Here is the given problem...

View attachment 6022

And I first approached it by drawing the xy footprint to get my theta and radius limits to convert to polar.

Then I overlooked the original xy function and pretty much took the area of that footprint (highlighted in green.) That gave me a very nice number.

Later I realized that I should have converted xy into polar as well as the object is probably intended to have varying density (highlighted in red.) With that approach I got the answer 15. Also a nice clean number.

Can anyone verify that the second answer is correct or am I approaching this the wrong way?

Thanks.

View attachment 6023

And here's the footprint I drew...
View attachment 6024

 

[HallsofIvy]

Okay, why "ignore xy"?? Obviously that will change the answer!. The region over which you are integrating- what you call the "footprint"- is the region bounded below by the x-axis, y= 0, or $$\theta= 0$$ in polar coordinates, above by y= x, $$\theta= \frac{\pi}{4}$$ in polar coordinates, on the left by the circle $$x^2+ y^2= 4$$, r= 2 in polar coordinates, and on the right by the circle $$x^2+ y^2= 16$$, r= 5 in polar coordinates. To integrate over that region in polar coordinates integrate $$\int_0^{\pi/4}\int_2^4 f(r, \theta) r dr d\theta$$ where "$$f(r, \theta)$$" is xy in polar coordinates.

Yes, 15 is the correct answer!

Added for those who might be interested (and because I just can't resist):
In polar coordinates, $$x= r cos(\theta)$$ and $$y= r sin(\theta)$$ so $$xy= r^2 sin(theta)cos(\theta)$$.

The integral becomes $$\int_0^{\pi/4}\int_2^4 r^2 sin(\theta)cos(\theta) (r dr d\theta)$$. Since the integrand is just a product of functions of r, $$r^3$$, and $$\theta$$, $$sin(\theta)cos(\theta)$$, and the limits of integration are constants, we can separate that integral as $$\left(\int_0^{\pi/4}sin(theta)cos(\theta)d\theta\right)\left(\int_2^4 r^3 dr\right)$$.
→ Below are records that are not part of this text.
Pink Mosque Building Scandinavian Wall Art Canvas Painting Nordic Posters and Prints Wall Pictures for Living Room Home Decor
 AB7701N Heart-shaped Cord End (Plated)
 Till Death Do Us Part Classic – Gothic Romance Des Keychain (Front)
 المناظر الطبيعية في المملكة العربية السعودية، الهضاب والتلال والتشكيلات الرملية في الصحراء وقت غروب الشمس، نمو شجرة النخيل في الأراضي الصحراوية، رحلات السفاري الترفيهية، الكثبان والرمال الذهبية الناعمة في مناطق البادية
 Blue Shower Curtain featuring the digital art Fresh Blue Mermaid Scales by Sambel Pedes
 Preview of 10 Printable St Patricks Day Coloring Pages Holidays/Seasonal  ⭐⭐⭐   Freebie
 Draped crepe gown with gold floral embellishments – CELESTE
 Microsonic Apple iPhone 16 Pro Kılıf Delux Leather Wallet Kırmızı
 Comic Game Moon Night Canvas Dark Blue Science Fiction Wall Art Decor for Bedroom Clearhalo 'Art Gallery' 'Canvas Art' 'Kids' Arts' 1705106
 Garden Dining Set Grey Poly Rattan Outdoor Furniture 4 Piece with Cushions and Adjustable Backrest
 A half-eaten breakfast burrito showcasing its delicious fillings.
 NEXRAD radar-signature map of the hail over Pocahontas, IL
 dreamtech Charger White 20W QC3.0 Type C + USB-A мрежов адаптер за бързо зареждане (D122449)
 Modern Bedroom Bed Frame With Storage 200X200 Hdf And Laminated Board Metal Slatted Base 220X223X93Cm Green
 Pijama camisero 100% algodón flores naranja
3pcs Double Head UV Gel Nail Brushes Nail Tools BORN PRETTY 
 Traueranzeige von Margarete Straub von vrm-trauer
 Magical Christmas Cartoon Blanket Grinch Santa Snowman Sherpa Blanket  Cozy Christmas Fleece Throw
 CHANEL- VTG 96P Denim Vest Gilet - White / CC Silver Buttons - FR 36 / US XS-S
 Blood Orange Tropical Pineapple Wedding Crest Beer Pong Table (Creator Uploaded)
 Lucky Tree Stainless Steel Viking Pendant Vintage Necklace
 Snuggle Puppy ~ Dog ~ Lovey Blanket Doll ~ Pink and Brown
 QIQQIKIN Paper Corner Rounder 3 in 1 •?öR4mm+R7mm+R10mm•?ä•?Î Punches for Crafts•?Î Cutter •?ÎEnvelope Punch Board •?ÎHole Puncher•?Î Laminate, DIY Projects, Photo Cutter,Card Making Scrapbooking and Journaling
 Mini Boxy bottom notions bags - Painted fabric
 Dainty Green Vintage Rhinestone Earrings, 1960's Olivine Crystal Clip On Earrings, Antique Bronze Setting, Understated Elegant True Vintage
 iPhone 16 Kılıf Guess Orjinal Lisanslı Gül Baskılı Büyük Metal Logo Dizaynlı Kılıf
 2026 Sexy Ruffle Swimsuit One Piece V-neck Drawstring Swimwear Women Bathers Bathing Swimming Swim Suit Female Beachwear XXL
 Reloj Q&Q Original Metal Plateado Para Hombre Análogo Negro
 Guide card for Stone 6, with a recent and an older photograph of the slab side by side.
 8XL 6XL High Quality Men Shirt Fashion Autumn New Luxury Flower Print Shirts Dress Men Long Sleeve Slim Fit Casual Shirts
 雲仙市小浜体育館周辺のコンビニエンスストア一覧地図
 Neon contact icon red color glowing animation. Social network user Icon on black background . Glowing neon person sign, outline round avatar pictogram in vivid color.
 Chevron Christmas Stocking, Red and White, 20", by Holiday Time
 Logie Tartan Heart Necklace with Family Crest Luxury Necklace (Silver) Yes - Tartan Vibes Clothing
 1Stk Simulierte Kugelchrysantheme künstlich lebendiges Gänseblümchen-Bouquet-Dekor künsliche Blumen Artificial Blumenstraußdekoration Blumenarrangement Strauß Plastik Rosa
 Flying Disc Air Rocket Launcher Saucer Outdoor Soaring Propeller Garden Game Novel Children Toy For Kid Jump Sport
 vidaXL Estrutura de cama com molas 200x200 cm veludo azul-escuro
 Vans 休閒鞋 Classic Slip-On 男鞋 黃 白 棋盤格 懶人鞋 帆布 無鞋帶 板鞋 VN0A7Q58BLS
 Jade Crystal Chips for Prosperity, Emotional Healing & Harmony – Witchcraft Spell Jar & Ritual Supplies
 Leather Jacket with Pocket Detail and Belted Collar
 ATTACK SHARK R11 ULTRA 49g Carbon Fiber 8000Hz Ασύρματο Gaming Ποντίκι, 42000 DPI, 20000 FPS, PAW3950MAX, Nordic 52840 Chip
The second integral is obviously $$\int_2^4 r^3 dr= \left[\frac{1}{4}r^4\right]_2^4= 64- 4= 60$$.

To do the first integral, let $$u= sin(\theta)$$ so that $$du= cos(\theta)d\theta$$. When $$\theta= 0$$, $$u= sin(0)= 0$$ and when $$\theta= \pi/4$$, $$u= 1/\sqrt{2}$$ so we have $$\int_0^{\pi/4} sin(theta)cos(\theta)d\theta= \int_0^{1/\sqrt{2}} u du= \left[\frac{1}{2}u^2\right]_0^{1/\sqrt{2}}= \left(\frac{1}{2}\right)\left(\frac{1}{2}\right)= \frac{1}{4}$$.

So the original integral is $$\frac{60}{4}= 15$$

 

[Pull and Twist]

Okay, why "ignore xy"?? Obviously that will change the answer!. The region over which you are integrating- what you call the "footprint"- is the region bounded below by the x-axis, y= 0, or $$\theta= 0$$ in polar coordinates, above by y= x, $$\theta= \frac{\pi}{4}$$ in polar coordinates, on the left by the circle $$x^2+ y^2= 4$$, r= 2 in polar coordinates, and on the right by the circle $$x^2+ y^2= 16$$, r= 5 in polar coordinates. To integrate over that region in polar coordinates integrate $$\int_0^{\pi/4}\int_2^4 f(r, \theta) r dr d\theta$$ where "$$f(r, \theta)$$" is xy in polar coordinates.

Yes, 15 is the correct answer!

I didn't mean to ignore it... and obviously I realized I did after the fact... then I second guessed myself.

Thank you for verifying that I took the correct approach the second time around.